» **About this task**: From the first line below to the last, reproduce the material exactly and leave out the images.
##########
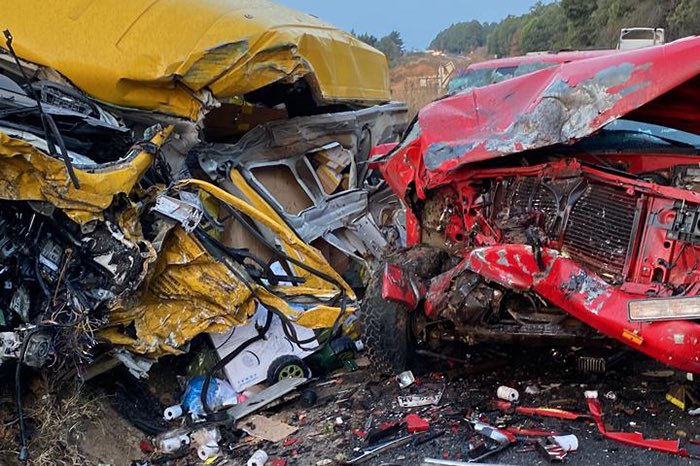 20 heridos, dos muertos y prensados en la autopista Siglo XXI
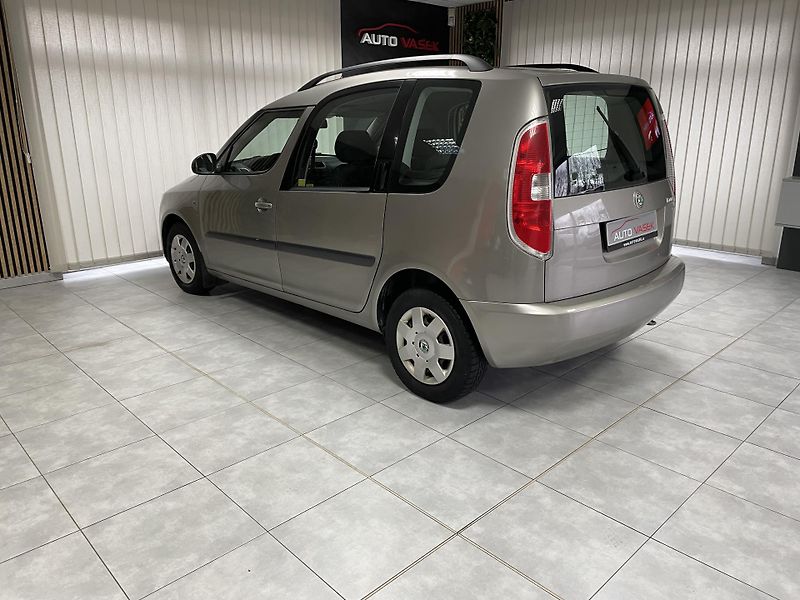 Škoda Roomster 1.2 HTp AC ČR SERVISKA - fotka 8 z 22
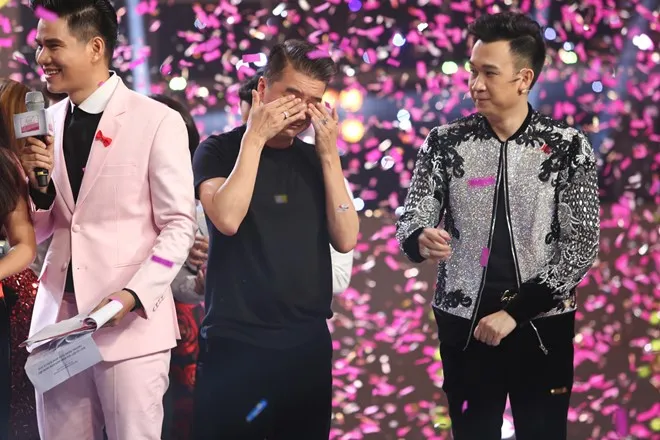 Học trò Mr Đàm đăng quang 'Tuyệt đỉnh song ca' ảnh 4 Mr. Dam bat khoc khi soai ca tho ho thang 500 trieu dong hinh anh 3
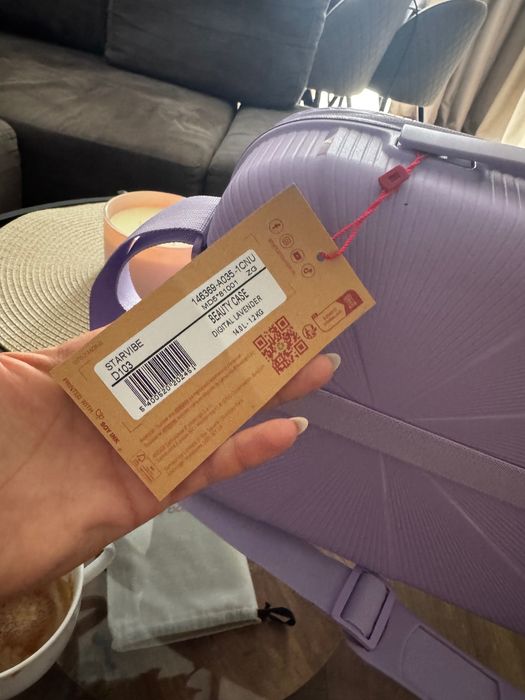 American tourister beauty case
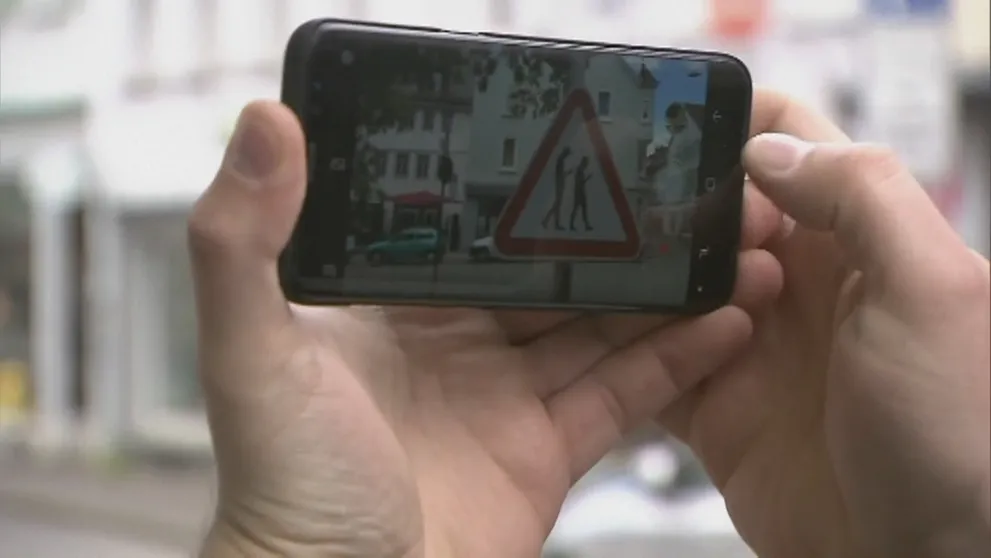 Nová dopravná značka pre chodcov so smartfónmi: Niekde zaviedli aj pokuty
##########
» **Output of the task**:
 20 heridos, dos muertos y prensados en la autopista Siglo XXI
 Škoda Roomster 1.2 HTp AC ČR SERVISKA - fotka 8 z 22
 Học trò Mr Đàm đăng quang 'Tuyệt đỉnh song ca' ảnh 4 Mr. Dam bat khoc khi soai ca tho ho thang 500 trieu dong hinh anh 3
 American tourister beauty case
 Nová dopravná značka pre chodcov so smartfónmi: Niekde zaviedli aj pokuty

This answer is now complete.